We go back to the beginning, more than 100 years ago, to the usage of simple wireless apparatus for long distance communication. The first electronic broadcast of news took place from the Eiffel Tower in Paris on March 27, in the old year 1899. This was a simple dissemination of news information in Morse Code, and it occurred when the Eiffel Tower was only a few months old and wireless itself was only five years old.

However, over a period of time and in many locations around the world, Morse Code wireless was often used for broadcast purposes. The programming content that was presented this way consisted of news and weather bulletins, and time signals. For example, time signals were noted from station FL on the Eiffel Tower and from NAA in Arlington, Virginia. Weather and news was noted from several of the maritime stations around the Australian coastline, including VIS in Sydney and VIM in Melbourne.

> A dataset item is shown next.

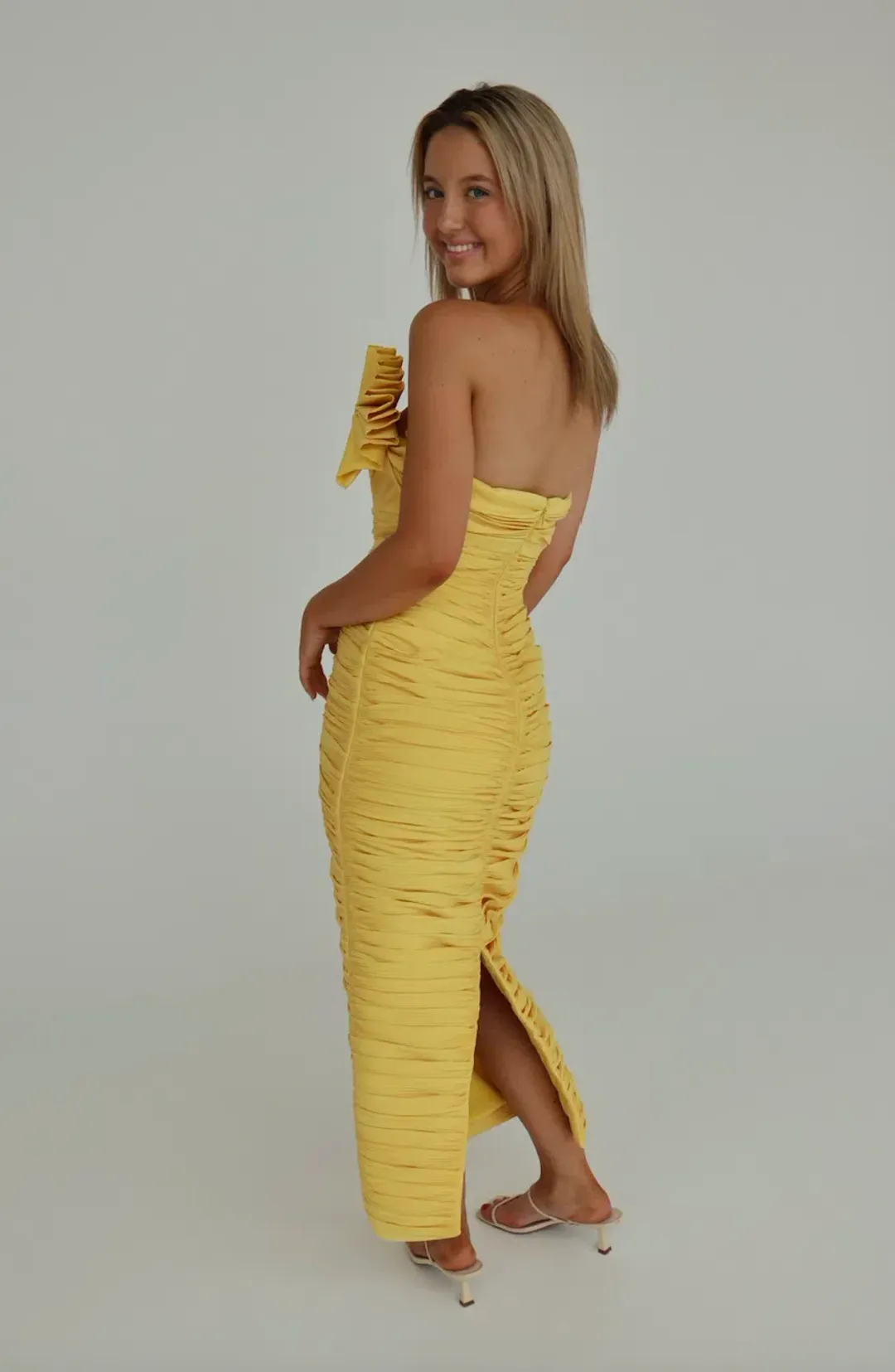 Rachel Gilbert Jensen Dress Yellow Size 2/Au 10 for rent on The Volte - main image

Following the invention of the radio valve, or tube, in 1904, it was a simple transition to analog broadcasting in the AM mode, amplitude modulation. It is considered that radio program broadcasting on both mediumwave and shortwave made its inauguration on November 2 in the year 1920, when station KDKA signed on in Pittsburgh, Pennsylvania for the broadcast of the Harding-Cox presidential election.

Analog broadcasting does have several major drawbacks, including the fact that the quality of the received program is marred by propagation variations and by static and local electrical noise. In an effort to overcome these reception problems, FM broadcasting was developed in the 1930s and launched commercially in the United States on January 1, 1941. Mono FM was soon afterwards displaced by stereo FM, which provides an outstandingly clear signal in the local area.

But now comes digital radio broadcasting. In this mode, a stream of electronic data is transmitted from the radio station, and the radio receiver reacts to this electronic information and it reconstructs the programming on instruction according to the over-the-air information. In this way the program quality is not spoiled by propagation variations and local electrical interference.

Actually, digital development began in an endeavor to improve audio quality in electronic equipment. Then some ten years ago, experimental work began in the transmission of TV pictures and sound in the digital mode, and currently experimental transmissions are on on the air for local radio coverage and for international coverage. At the present time, experimental digital transmitters are on the air in several countries, including England, Canada and Australia.

On the international scene, experimental broadcasts in the digital mode have been made in recent time by a small group of progressive shortwave stations in Europe. These stations, located in Germany, France, Holland, England, and also Canada, are now organized as DRM, Digital Radio Mondiale. They began a regular daily service on shortwave on June 16, just earlier this year.

And now comes NASB in the United States, which is just now launching a regular series of shortwave programs in the digital mode.